═════ Information given ═════
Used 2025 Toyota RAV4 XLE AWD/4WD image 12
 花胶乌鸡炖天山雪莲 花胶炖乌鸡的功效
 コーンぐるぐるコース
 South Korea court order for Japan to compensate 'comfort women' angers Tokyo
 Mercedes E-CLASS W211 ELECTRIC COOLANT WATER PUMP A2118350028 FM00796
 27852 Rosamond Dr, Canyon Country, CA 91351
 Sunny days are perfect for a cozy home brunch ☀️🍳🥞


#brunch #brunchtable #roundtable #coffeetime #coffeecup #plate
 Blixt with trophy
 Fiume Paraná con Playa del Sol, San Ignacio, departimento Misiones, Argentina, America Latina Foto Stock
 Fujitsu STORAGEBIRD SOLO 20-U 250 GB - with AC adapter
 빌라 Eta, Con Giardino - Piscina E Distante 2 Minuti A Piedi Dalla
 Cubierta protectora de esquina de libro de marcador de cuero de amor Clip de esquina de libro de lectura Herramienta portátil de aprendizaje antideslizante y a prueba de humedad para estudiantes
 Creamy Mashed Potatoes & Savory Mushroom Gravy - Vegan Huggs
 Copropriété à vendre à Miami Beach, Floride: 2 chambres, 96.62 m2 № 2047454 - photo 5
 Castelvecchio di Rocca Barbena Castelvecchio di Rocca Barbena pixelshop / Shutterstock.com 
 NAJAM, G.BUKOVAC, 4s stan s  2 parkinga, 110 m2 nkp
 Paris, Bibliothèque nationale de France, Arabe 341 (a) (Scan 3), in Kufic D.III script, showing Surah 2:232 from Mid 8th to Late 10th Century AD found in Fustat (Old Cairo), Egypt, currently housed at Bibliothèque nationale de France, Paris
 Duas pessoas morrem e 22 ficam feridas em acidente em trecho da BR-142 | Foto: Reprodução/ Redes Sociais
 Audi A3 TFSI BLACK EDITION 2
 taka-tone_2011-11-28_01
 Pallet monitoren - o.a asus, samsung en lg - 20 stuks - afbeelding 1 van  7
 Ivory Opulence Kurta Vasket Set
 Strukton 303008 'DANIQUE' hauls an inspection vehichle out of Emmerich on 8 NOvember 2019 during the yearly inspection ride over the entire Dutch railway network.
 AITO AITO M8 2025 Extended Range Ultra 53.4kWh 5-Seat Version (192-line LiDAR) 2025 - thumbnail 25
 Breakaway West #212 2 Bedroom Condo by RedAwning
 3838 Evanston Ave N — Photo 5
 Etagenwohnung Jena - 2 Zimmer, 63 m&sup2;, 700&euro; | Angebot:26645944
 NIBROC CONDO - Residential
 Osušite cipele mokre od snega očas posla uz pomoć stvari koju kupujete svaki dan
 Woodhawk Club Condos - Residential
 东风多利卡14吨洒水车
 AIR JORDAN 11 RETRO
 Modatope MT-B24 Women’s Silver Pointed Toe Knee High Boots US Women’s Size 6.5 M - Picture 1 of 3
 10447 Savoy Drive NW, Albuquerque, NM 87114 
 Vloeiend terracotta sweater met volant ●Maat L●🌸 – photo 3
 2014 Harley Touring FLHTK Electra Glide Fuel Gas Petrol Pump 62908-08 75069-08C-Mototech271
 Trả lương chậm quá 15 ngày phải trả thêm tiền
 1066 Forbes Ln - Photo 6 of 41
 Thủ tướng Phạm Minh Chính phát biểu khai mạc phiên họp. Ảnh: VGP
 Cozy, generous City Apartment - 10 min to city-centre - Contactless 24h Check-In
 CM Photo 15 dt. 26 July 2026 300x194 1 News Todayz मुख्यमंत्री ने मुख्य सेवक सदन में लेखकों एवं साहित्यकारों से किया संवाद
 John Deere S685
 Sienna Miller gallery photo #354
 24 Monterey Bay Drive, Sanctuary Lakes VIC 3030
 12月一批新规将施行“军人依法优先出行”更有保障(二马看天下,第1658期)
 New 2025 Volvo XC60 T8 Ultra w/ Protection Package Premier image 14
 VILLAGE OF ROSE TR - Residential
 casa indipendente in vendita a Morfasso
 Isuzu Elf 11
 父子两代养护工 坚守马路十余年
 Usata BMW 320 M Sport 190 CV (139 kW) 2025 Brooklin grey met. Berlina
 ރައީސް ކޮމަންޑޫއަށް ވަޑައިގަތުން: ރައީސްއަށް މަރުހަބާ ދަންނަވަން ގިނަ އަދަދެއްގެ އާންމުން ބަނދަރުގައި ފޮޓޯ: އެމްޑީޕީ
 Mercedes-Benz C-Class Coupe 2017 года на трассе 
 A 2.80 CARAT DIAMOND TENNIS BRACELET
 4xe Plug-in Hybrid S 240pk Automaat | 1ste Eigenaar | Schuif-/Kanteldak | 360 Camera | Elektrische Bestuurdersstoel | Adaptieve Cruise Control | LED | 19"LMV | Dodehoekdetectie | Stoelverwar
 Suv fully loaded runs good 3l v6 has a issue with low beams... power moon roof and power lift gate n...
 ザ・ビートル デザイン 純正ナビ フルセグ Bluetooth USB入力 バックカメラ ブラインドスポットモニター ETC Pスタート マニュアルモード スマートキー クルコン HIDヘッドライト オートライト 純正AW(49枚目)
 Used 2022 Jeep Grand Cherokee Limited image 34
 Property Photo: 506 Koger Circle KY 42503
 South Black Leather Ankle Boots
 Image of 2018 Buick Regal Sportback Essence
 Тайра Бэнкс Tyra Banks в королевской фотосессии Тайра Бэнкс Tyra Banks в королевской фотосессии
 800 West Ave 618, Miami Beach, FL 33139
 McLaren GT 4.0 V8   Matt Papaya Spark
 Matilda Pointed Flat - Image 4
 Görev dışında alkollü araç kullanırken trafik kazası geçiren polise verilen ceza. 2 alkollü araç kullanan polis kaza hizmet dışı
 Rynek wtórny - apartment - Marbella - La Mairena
═════
• What is needed
Without changing anything, quote the lines from the top of the data to the line that contains "AITO AITO M8", including that line.

• Solution below
Used 2025 Toyota RAV4 XLE AWD/4WD image 12
 花胶乌鸡炖天山雪莲 花胶炖乌鸡的功效
 コーンぐるぐるコース
 South Korea court order for Japan to compensate 'comfort women' angers Tokyo
 Mercedes E-CLASS W211 ELECTRIC COOLANT WATER PUMP A2118350028 FM00796
 27852 Rosamond Dr, Canyon Country, CA 91351
 Sunny days are perfect for a cozy home brunch ☀️🍳🥞


#brunch #brunchtable #roundtable #coffeetime #coffeecup #plate
 Blixt with trophy
 Fiume Paraná con Playa del Sol, San Ignacio, departimento Misiones, Argentina, America Latina Foto Stock
 Fujitsu STORAGEBIRD SOLO 20-U 250 GB - with AC adapter
 빌라 Eta, Con Giardino - Piscina E Distante 2 Minuti A Piedi Dalla
 Cubierta protectora de esquina de libro de marcador de cuero de amor Clip de esquina de libro de lectura Herramienta portátil de aprendizaje antideslizante y a prueba de humedad para estudiantes
 Creamy Mashed Potatoes & Savory Mushroom Gravy - Vegan Huggs
 Copropriété à vendre à Miami Beach, Floride: 2 chambres, 96.62 m2 № 2047454 - photo 5
 Castelvecchio di Rocca Barbena Castelvecchio di Rocca Barbena pixelshop / Shutterstock.com 
 NAJAM, G.BUKOVAC, 4s stan s  2 parkinga, 110 m2 nkp
 Paris, Bibliothèque nationale de France, Arabe 341 (a) (Scan 3), in Kufic D.III script, showing Surah 2:232 from Mid 8th to Late 10th Century AD found in Fustat (Old Cairo), Egypt, currently housed at Bibliothèque nationale de France, Paris
 Duas pessoas morrem e 22 ficam feridas em acidente em trecho da BR-142 | Foto: Reprodução/ Redes Sociais
 Audi A3 TFSI BLACK EDITION 2
 taka-tone_2011-11-28_01
 Pallet monitoren - o.a asus, samsung en lg - 20 stuks - afbeelding 1 van  7
 Ivory Opulence Kurta Vasket Set
 Strukton 303008 'DANIQUE' hauls an inspection vehichle out of Emmerich on 8 NOvember 2019 during the yearly inspection ride over the entire Dutch railway network.
 AITO AITO M8 2025 Extended Range Ultra 53.4kWh 5-Seat Version (192-line LiDAR) 2025 - thumbnail 25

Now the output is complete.